# Can you change UHF remote address on 922?



## spatter9999

I just got a new 922 for pretty cheap over Christmas. Got it hooked up yesterday, but I'm noticing a problem with remote interference. I'm using the standard UHF remotes that came with the unit. Everything is fine on TV1. But when using the TV2 remote to control TV2, it occasionally sends a signal to TV1.

For instance, I can pull up the guide on TV1 using the TV1 remote. Then if I press the arrow buttons on the TV2 remote about 1 out of 6 button presses will register with the guide on TV1.

I've read lots of stuff talking about how to change the remote addresses (such as http://www.mydish.com/support/change-remote-address) but that doesn't work on the 922. On the 922, when you go to the "System Info" screen it doesn't look the same.
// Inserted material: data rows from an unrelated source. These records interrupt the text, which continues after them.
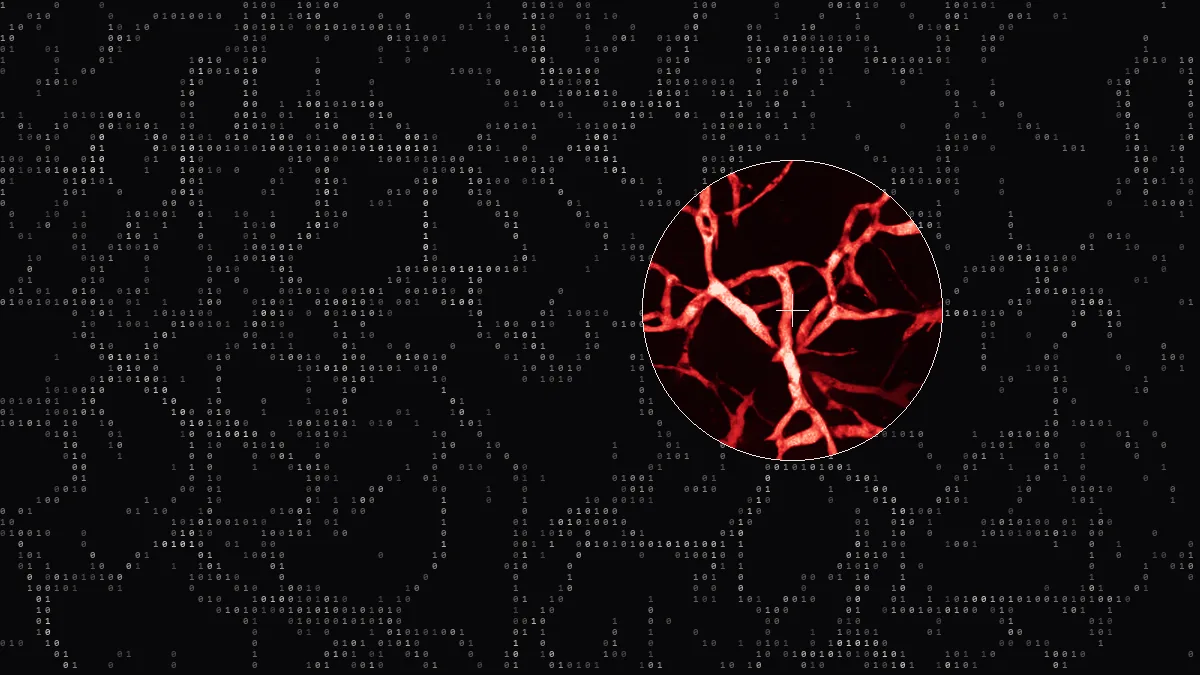 Copertina: immagine scientifica resa in cifre binarie con una lente rossa
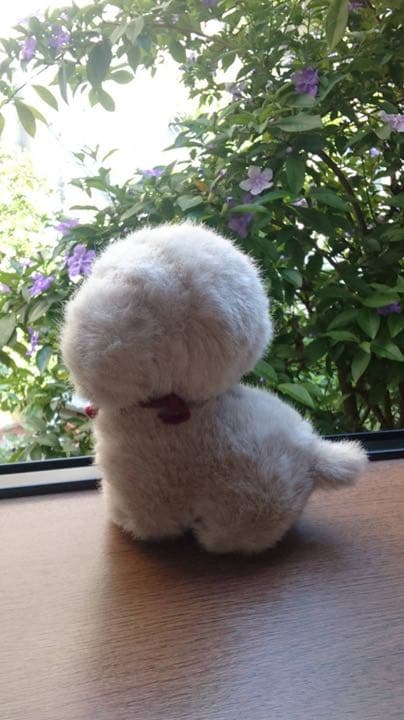 うめ吉 ぬいぐるみ オリエンタルトーイ S-140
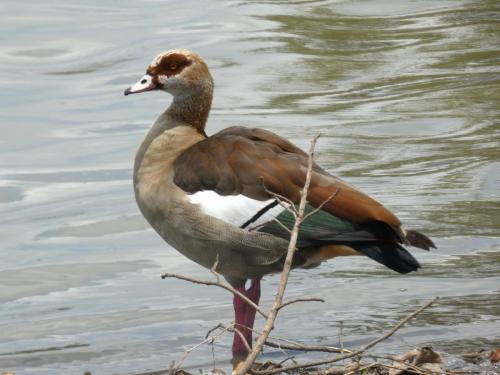 Egyptian Goose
It doesn't give you a simple remote address labeled "Rem Addr." It gives you a 12 character "FW" code and a 4 charater "HW" code for each remote. I don't know what either of those means or how to change them.

Any ideas?


----------



## mdavej

Last time I checked, the 922 and later units like Hopper only took IR address 1. Just cover the IR window on the 922 completely with electrical tape and it won't pick up any more stray IR.


----------



## shadough

FW means Firmware
HW means Hardware.

I have not noticed any issues w/ my 922, remote wise, with 1 exception: I was using a remote from a 222 box that would control TV1 on the 922 but 1 day it ceased to work. Still scratchin my head on that one, But assuming your in dual mode, there shouldn't be any cross communication. Perhaps that's why your unit was on ebay.


----------